Volcanoes and Earthquakes
Teacher Guide Grade 6 Activity
Story Summary  
Volcanoes and Earthquakes
by Basil Booth


On April 18, 1906, a disastrous earthquake struck San Francisco. Lasting less than a minute, it destroyed most of the city and killed 700 people. In 1976 the worst known earthquake killed over 650,000 people in Tientsin Province, China. Volcanoes and Earthquakes tells us about famous earthquakes and describes the natural forces that created them.

Earth's Plates

You probably know that earthquakes can be huge natural disasters. But why do they happen? The Earth's surface is formed of massive slabs of rock called plates. These plates, also called tectonic plates, are always moving. Sometimes they just slide past one another. At other times they actually collide with one another. Plate movement causes the buildup of tremendous quantities of energy in the rock. When the energy is released, it produces vibrations that travel through the rock, leading to earthquakes. During earthquakes, faults, or giant cracks, are produced by the pressure of the moving rock.

Earthquakes and volcanoes occur along the edges of the plates. Scientists have developed a theory that explains how these giant plates move, thereby creating, destroying, and re-forming continents and oceans over long periods of time. This theory is called the theory of plate tectonics.

According to the theory, there are two types of plates, oceanic and continental. Various types of movement occur along the different kinds of plate boundaries. Plate collisions create landforms such as coastal volcanoes, island arcs, and mountain chains. When plates move apart, they produce new ocean floor as magma from the mantle rises up through volcanoes and deposits new rock along the plate boundaries. In some areas plates slide alongside each other, neither creating nor destroying land.

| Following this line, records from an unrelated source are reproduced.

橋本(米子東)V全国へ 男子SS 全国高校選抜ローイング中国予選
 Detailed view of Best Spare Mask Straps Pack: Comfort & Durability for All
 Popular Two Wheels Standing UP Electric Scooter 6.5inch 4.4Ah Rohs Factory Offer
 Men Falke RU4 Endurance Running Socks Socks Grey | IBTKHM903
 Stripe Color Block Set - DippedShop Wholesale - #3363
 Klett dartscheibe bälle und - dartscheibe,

When the plates move, they cause vibrations that produce earthquakes. Thousands of earthquakes take place every year, but only a few of them are destructive enough to be considered disasters. Many earthquakes are so mild that few people notice them. Scientists have developed an instrument called a seismograph, which measures and records the intensity of earthquakes. Because seismographs are very sensitive, they help scientists predict earthquakes, too. They can record even minor shocks and changes in the Earth's layers, and this helps to monitor the build-up of stresses that lead to earthquakes. By comparing the data from seismographs in different locations over the world, scientists can get a better picture of the forces at work underground.